START RECORD EXTRACTS

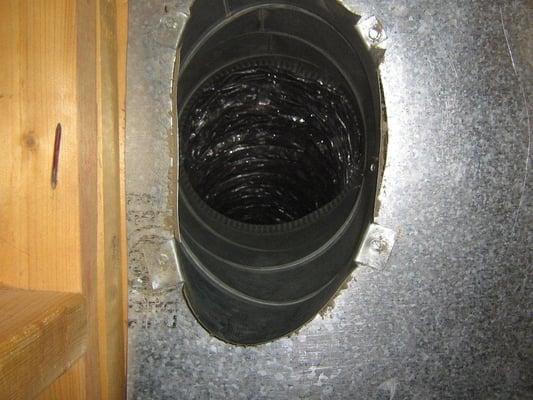 Clean Duct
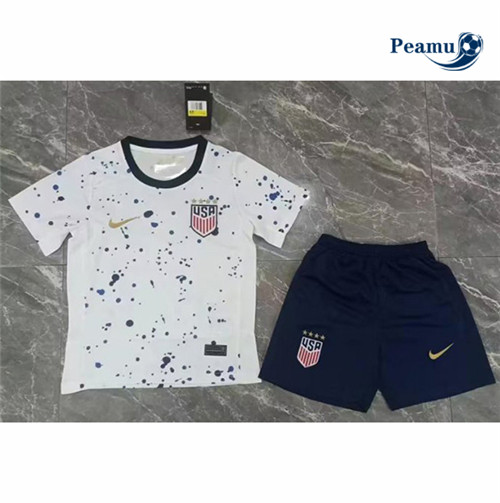 Maglia Calcio Club America Bambino Prima 2023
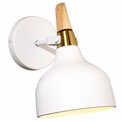 Wall  lamp Mondovi 1, D15xH20cm, E14x1 40W(MAX)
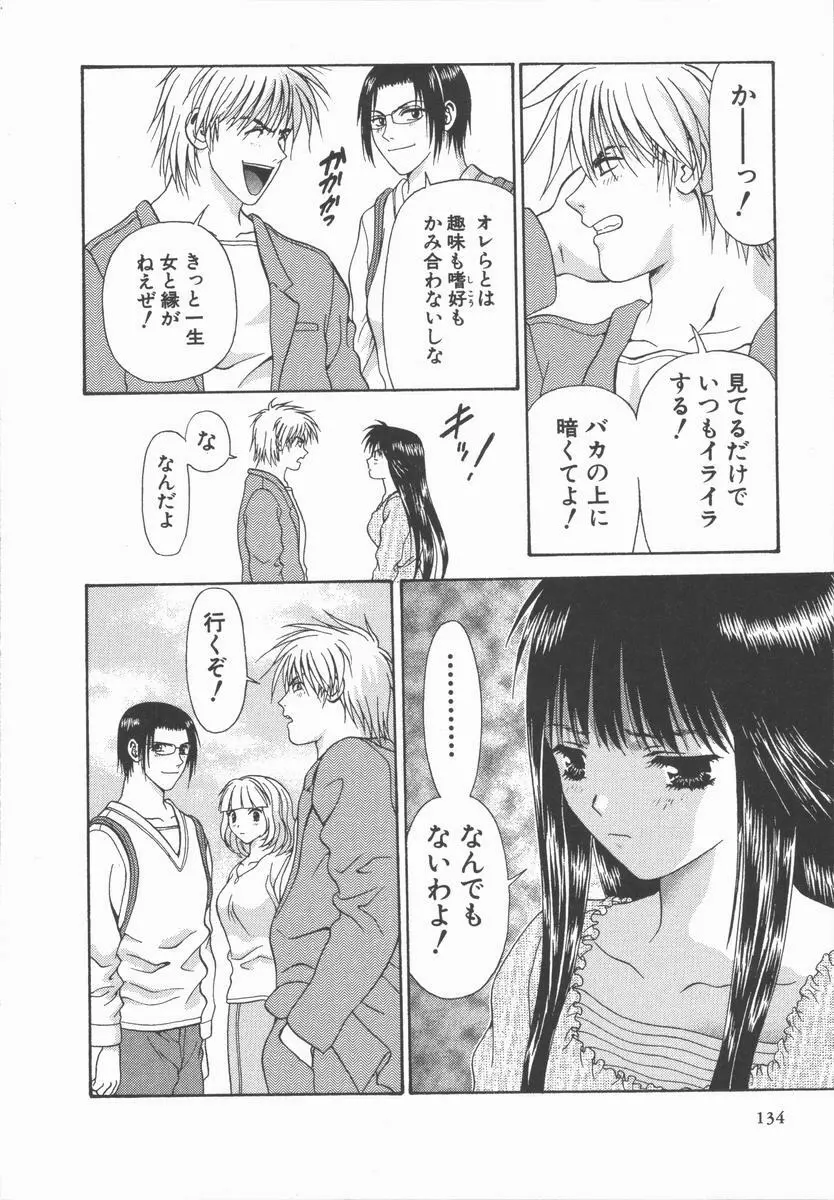 ありのまま姿のまま Page.134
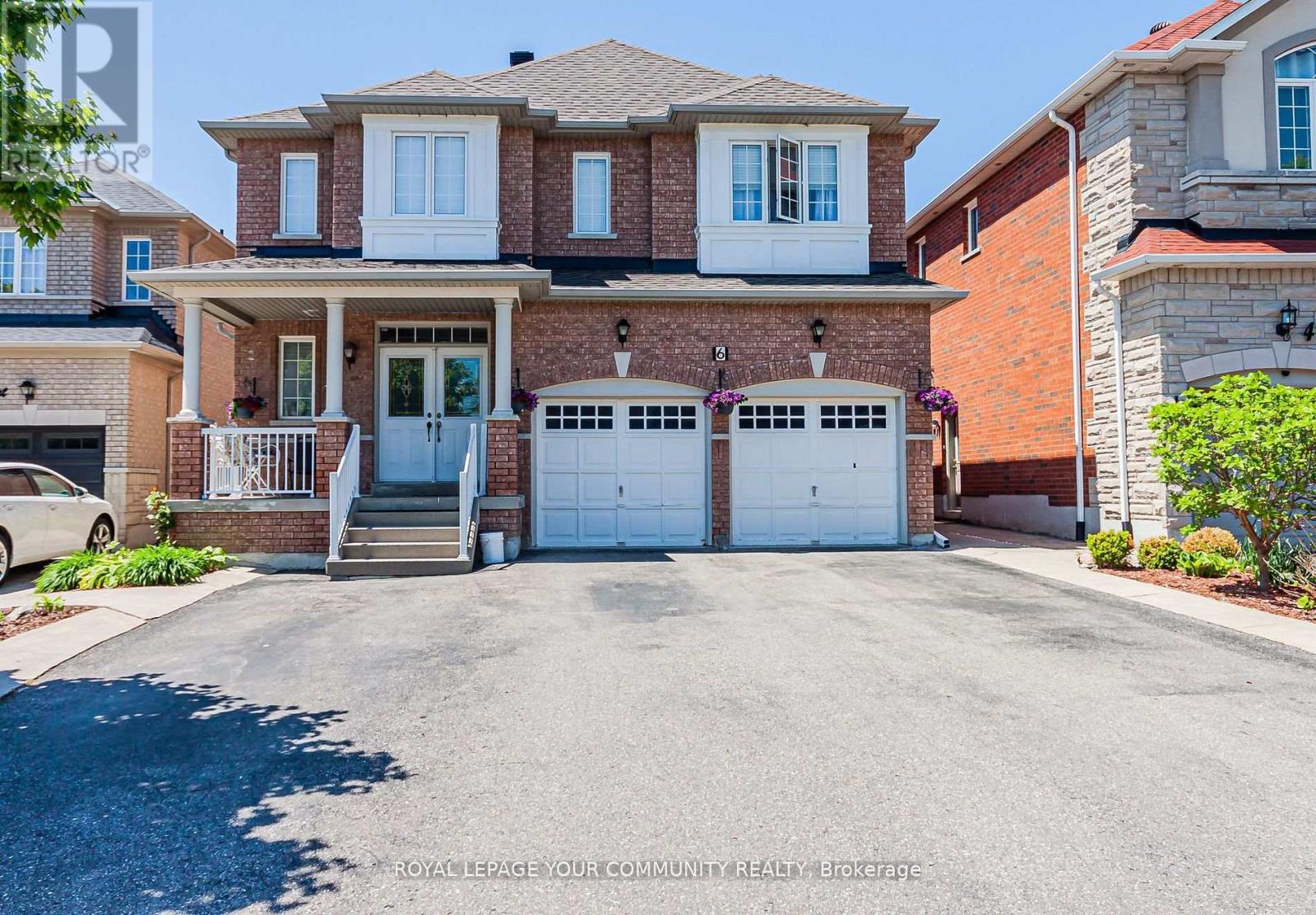 BASEMENT - 6 ROUND HILL COURT S, Markham, Ontario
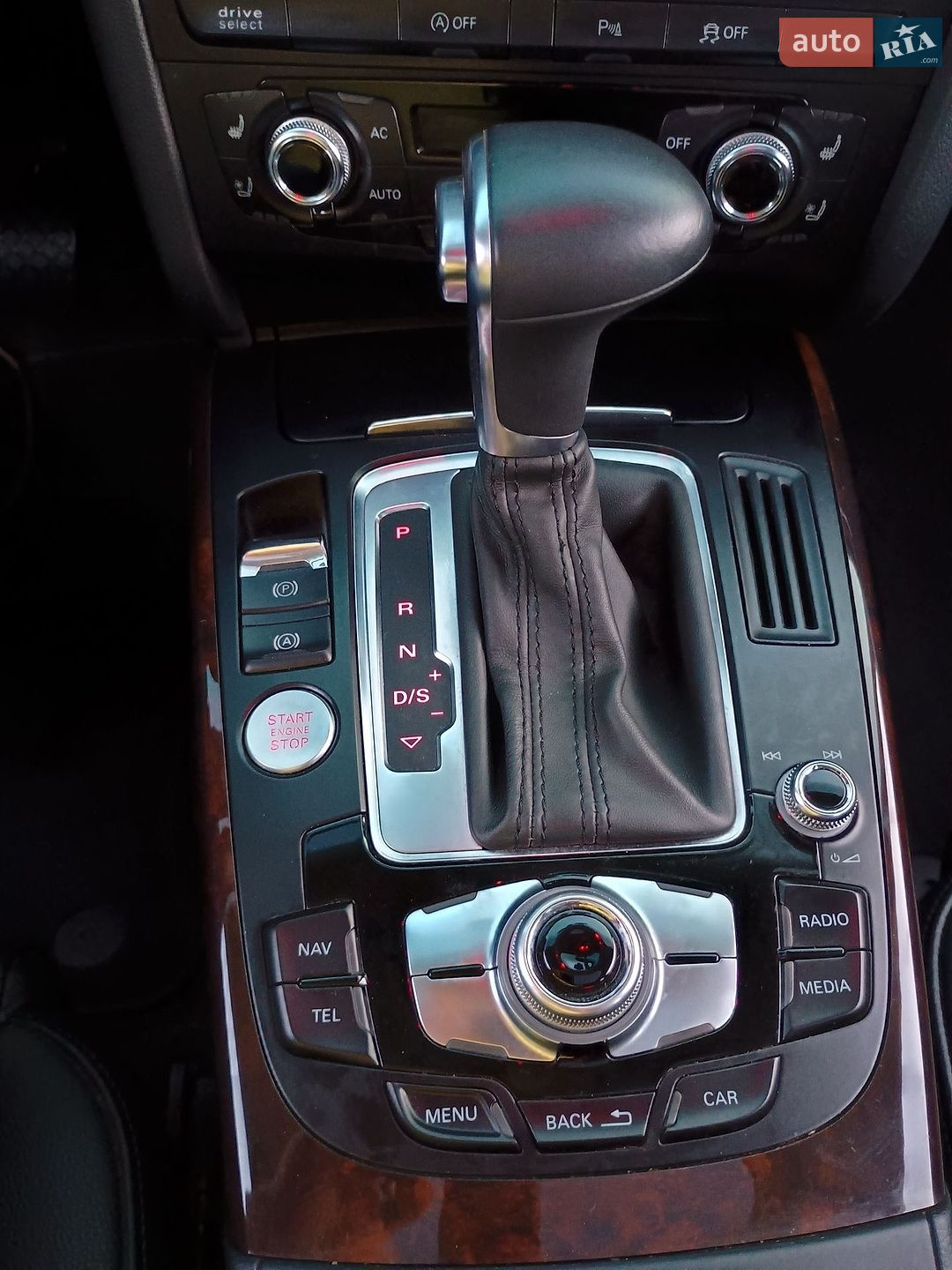 Audi A5 Sportback 2013 VIN WAUZZZ8T0EA030694 фото оголошення 32 з 38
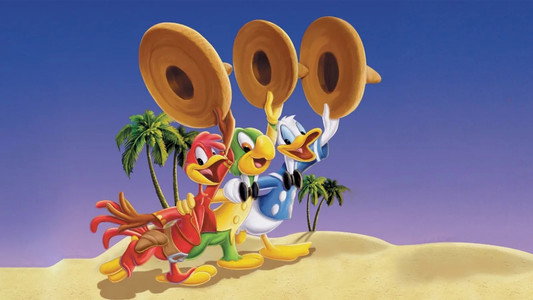 Saludos Amigos
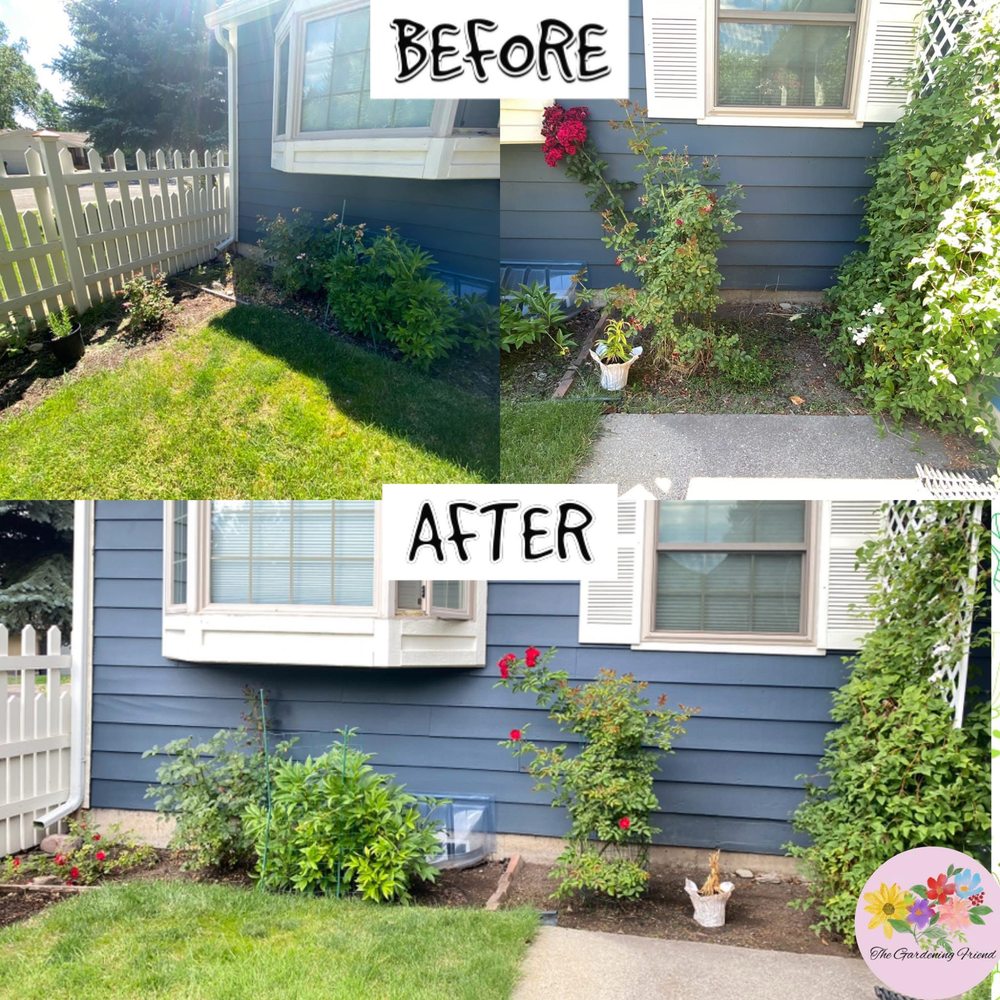 The Gardening Friend - tree service in Missoula, MT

END RECORD EXTRACTS

# PROBLEM DESCRIPTION
An exact copy of the records above is needed, with the pictures removed.

# SOLUTION FOR THIS TASK
 Clean Duct
 Maglia Calcio Club America Bambino Prima 2023
 Wall  lamp Mondovi 1, D15xH20cm, E14x1 40W(MAX)
 ありのまま姿のまま Page.134
 BASEMENT - 6 ROUND HILL COURT S, Markham, Ontario
 Audi A5 Sportback 2013 VIN WAUZZZ8T0EA030694 фото оголошення 32 з 38
 Saludos Amigos
 The Gardening Friend - tree service in Missoula, MT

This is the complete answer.